- **Provided material**
..............................
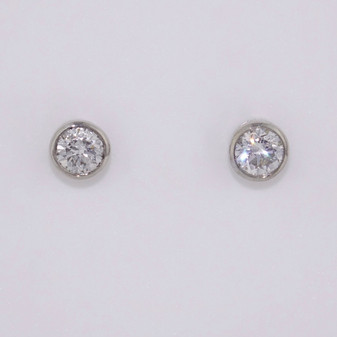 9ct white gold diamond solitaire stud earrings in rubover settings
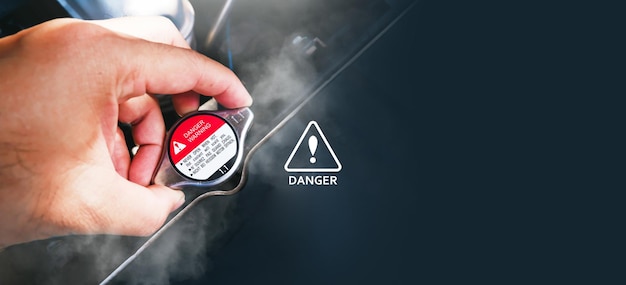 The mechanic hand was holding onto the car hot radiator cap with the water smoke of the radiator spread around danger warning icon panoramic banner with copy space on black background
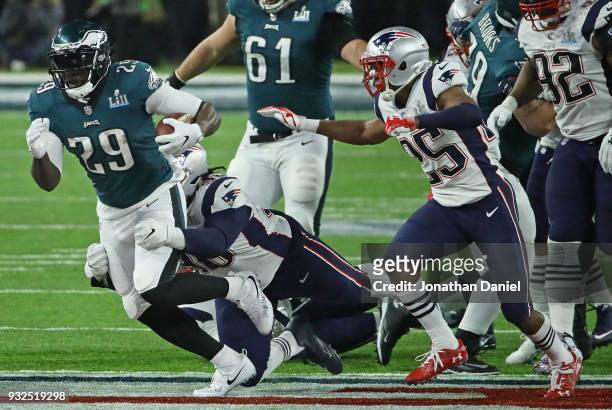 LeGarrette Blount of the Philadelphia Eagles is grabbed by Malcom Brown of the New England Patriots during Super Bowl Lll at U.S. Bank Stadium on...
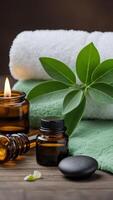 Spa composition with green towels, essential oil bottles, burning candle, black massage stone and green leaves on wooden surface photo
..............................
- **Exercise description**
Output every line above exactly as it stands, and drop any picture.

- **Answer below**
 9ct white gold diamond solitaire stud earrings in rubover settings
 The mechanic hand was holding onto the car hot radiator cap with the water smoke of the radiator spread around danger warning icon panoramic banner with copy space on black background
 LeGarrette Blount of the Philadelphia Eagles is grabbed by Malcom Brown of the New England Patriots during Super Bowl Lll at U.S. Bank Stadium on...
 Spa composition with green towels, essential oil bottles, burning candle, black massage stone and green leaves on wooden surface photo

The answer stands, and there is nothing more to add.